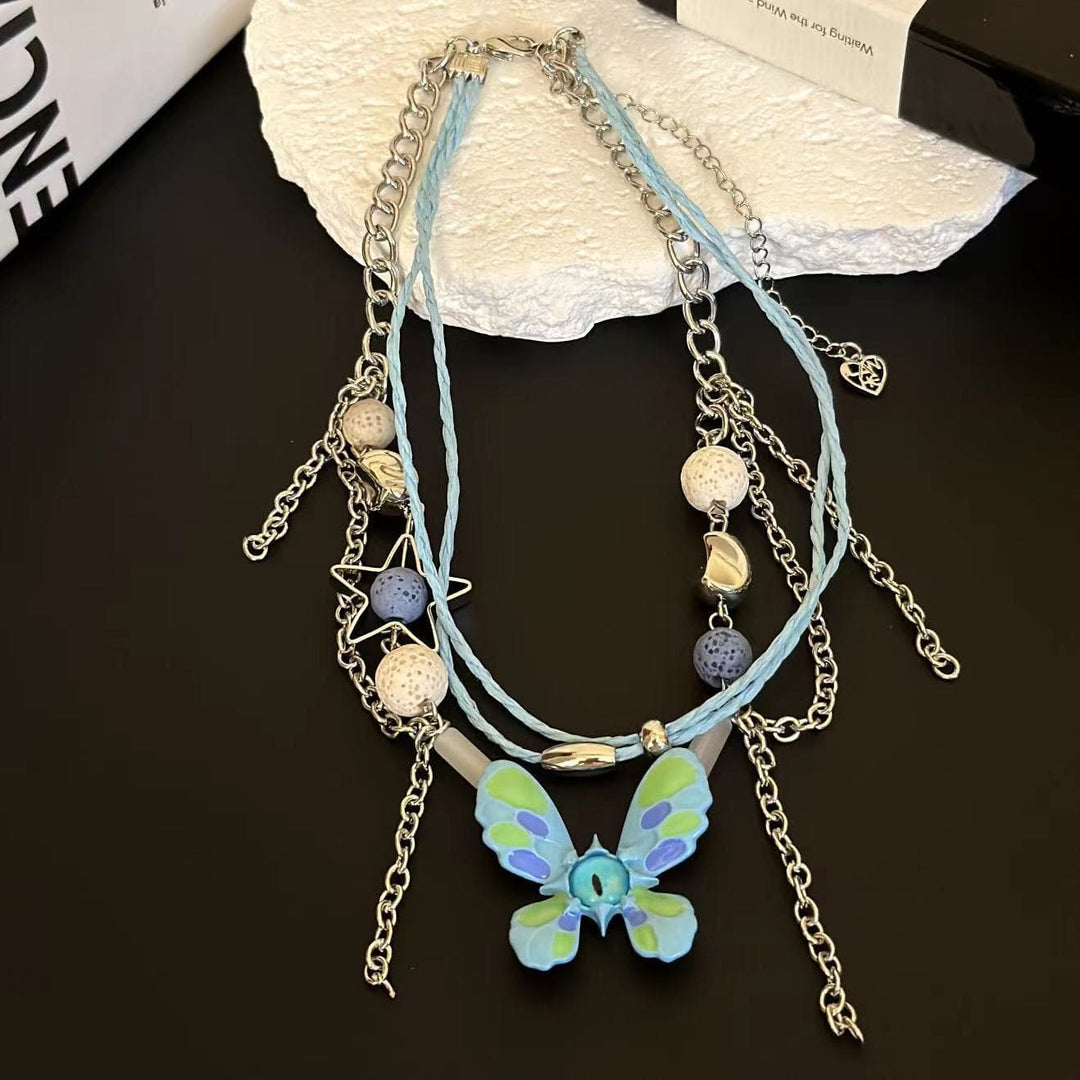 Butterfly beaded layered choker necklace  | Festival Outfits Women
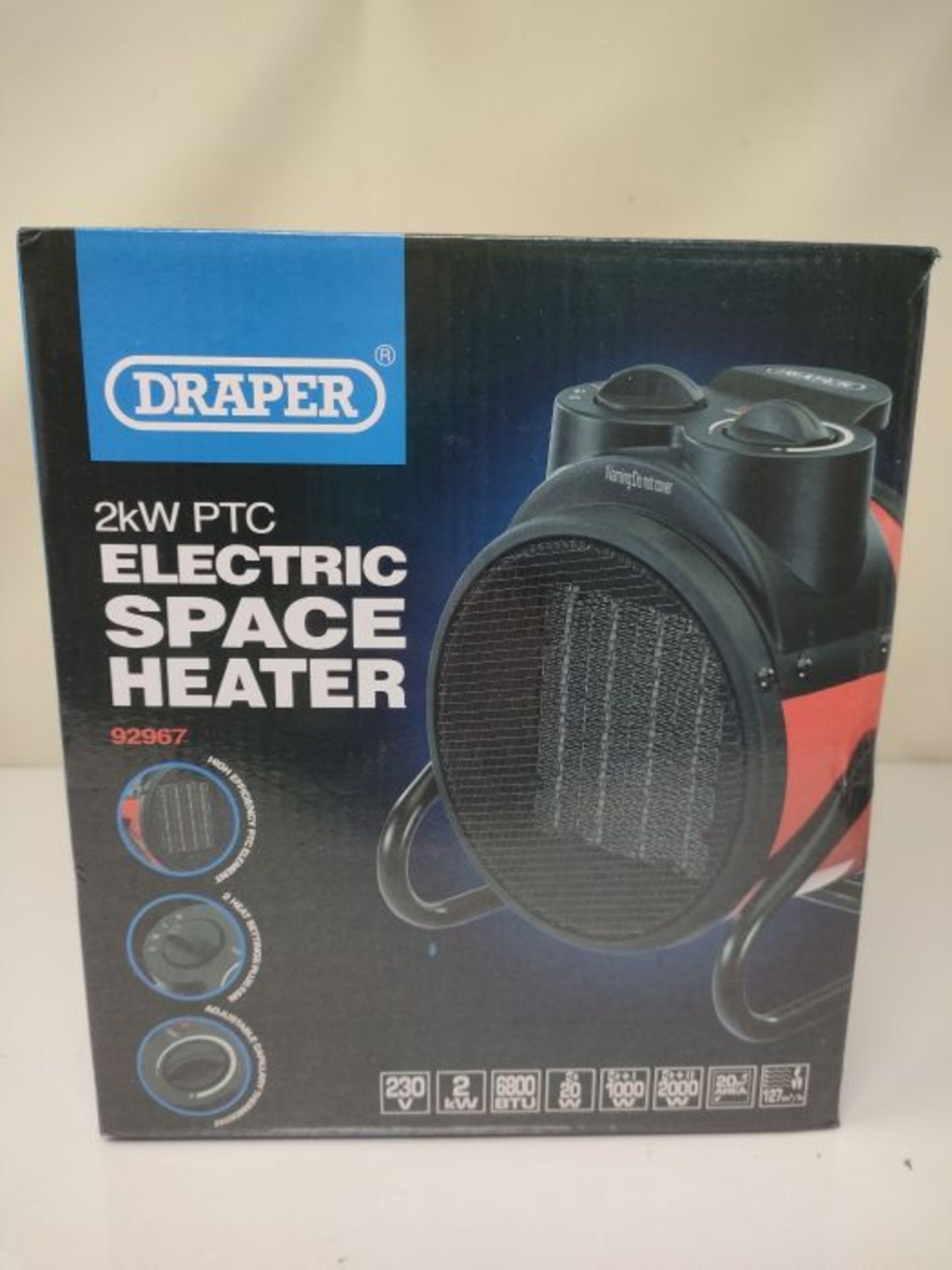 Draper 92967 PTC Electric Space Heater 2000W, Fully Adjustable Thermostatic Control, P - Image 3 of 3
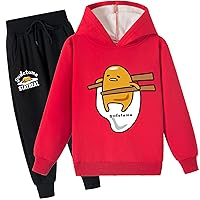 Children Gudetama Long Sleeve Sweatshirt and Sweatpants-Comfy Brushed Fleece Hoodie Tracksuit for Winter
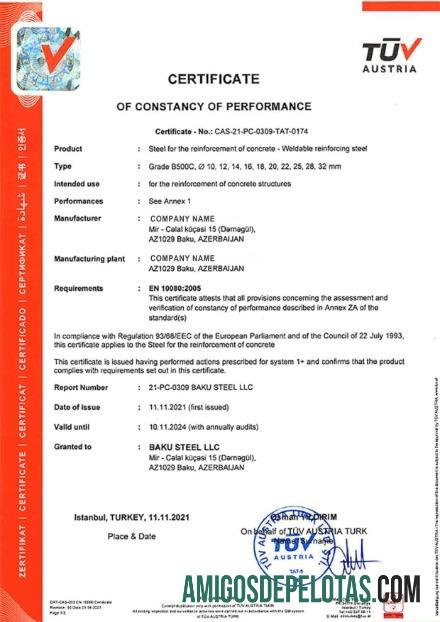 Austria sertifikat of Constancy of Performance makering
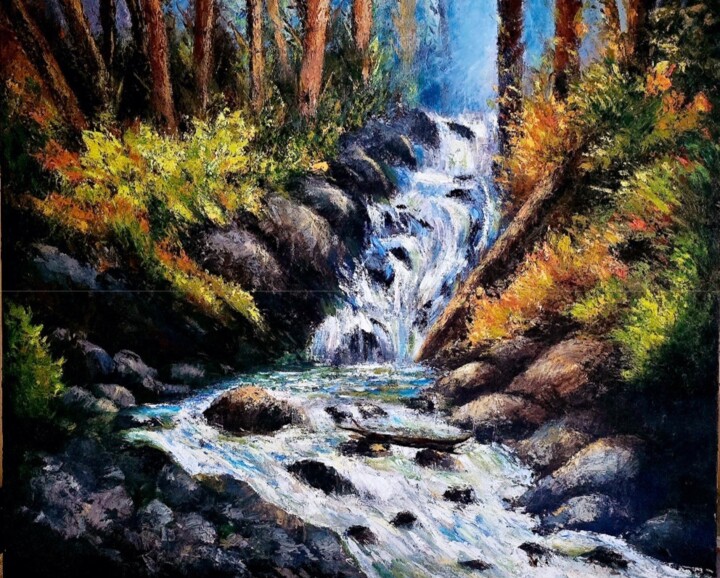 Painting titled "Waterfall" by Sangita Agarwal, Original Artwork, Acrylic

- - - - -

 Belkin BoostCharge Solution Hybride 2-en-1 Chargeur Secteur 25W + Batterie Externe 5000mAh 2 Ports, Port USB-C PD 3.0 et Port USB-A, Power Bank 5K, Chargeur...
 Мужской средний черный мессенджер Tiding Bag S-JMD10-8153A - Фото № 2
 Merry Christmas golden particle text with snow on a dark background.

- - - - -

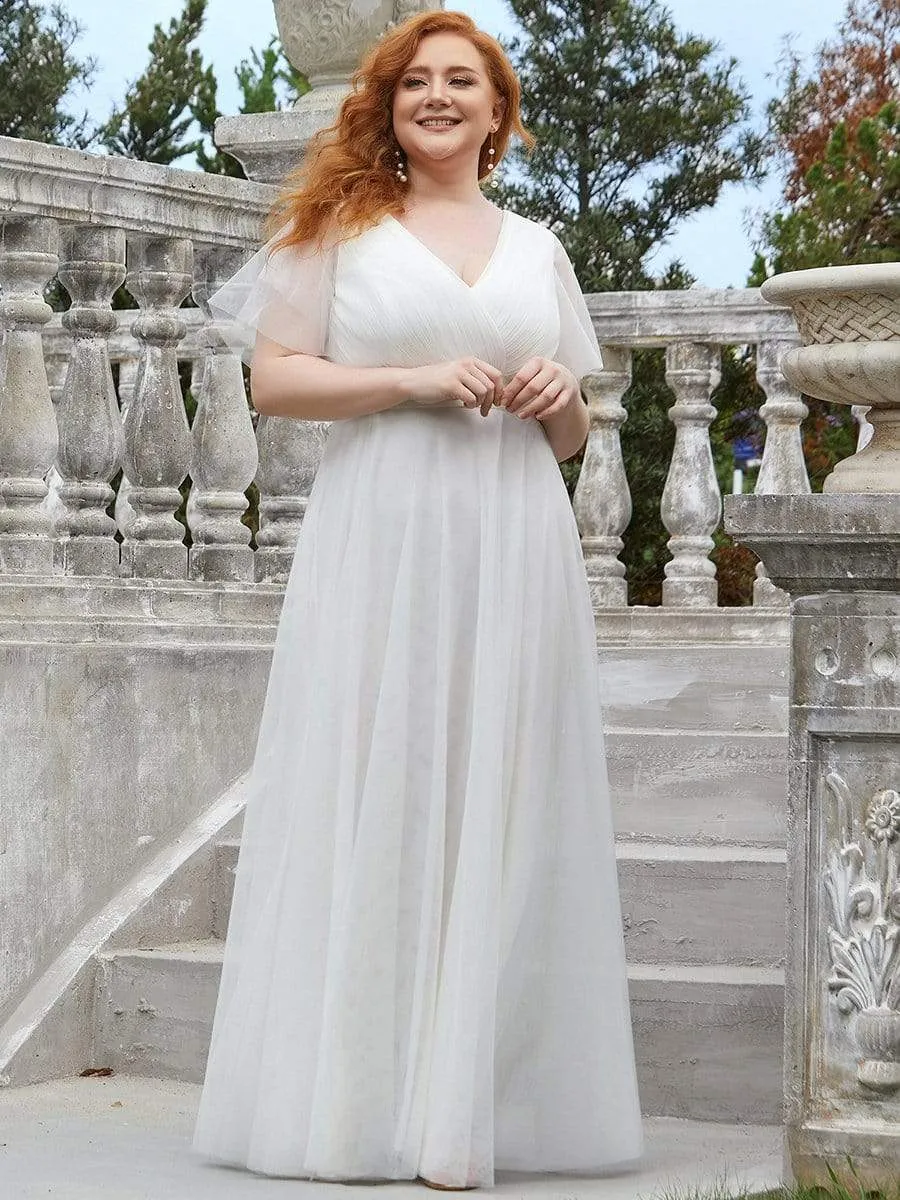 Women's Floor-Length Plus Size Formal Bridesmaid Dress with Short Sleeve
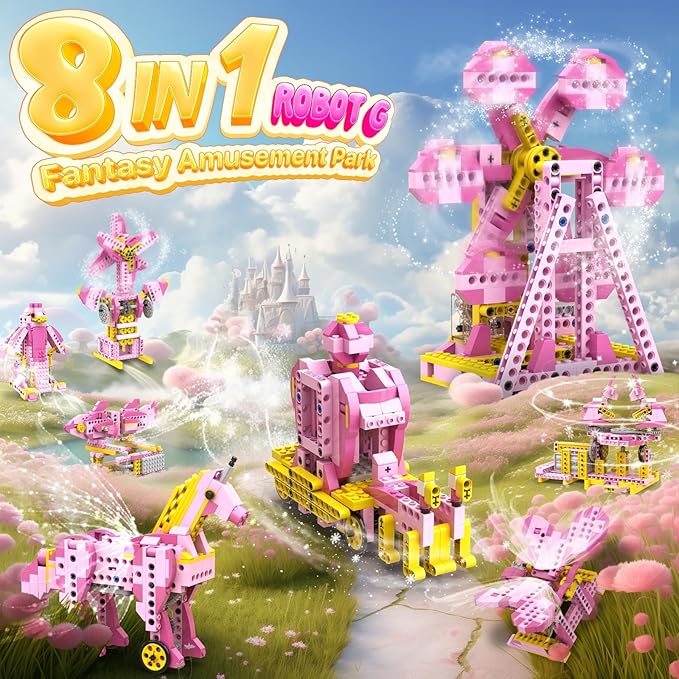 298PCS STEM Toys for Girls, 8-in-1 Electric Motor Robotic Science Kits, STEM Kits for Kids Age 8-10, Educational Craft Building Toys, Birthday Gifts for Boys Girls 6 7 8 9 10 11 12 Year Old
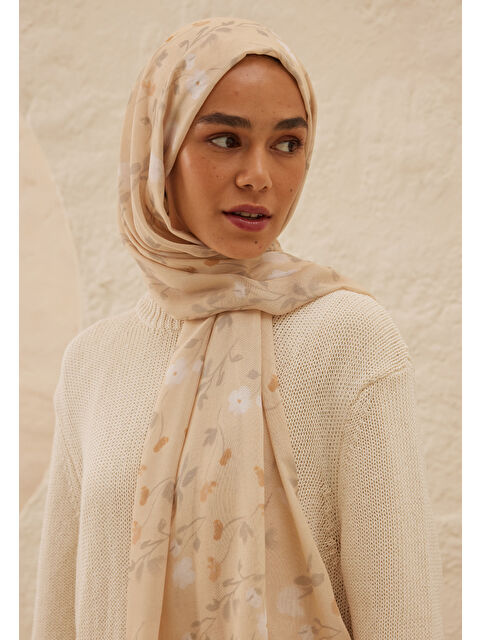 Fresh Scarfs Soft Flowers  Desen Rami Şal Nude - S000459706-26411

- - - - -

Retype only the lines above from the one with "Butterfly beaded layered" through the one with "Original Artwork, Acrylic", exactly and with both ends. Images stay out.

SOLUTION BELOW ▸
 Butterfly beaded layered choker necklace  | Festival Outfits Women
 Draper 92967 PTC Electric Space Heater 2000W, Fully Adjustable Thermostatic Control, P - Image 3 of 3
 Children Gudetama Long Sleeve Sweatshirt and Sweatpants-Comfy Brushed Fleece Hoodie Tracksuit for Winter
 Austria sertifikat of Constancy of Performance makering
 Painting titled "Waterfall" by Sangita Agarwal, Original Artwork, Acrylic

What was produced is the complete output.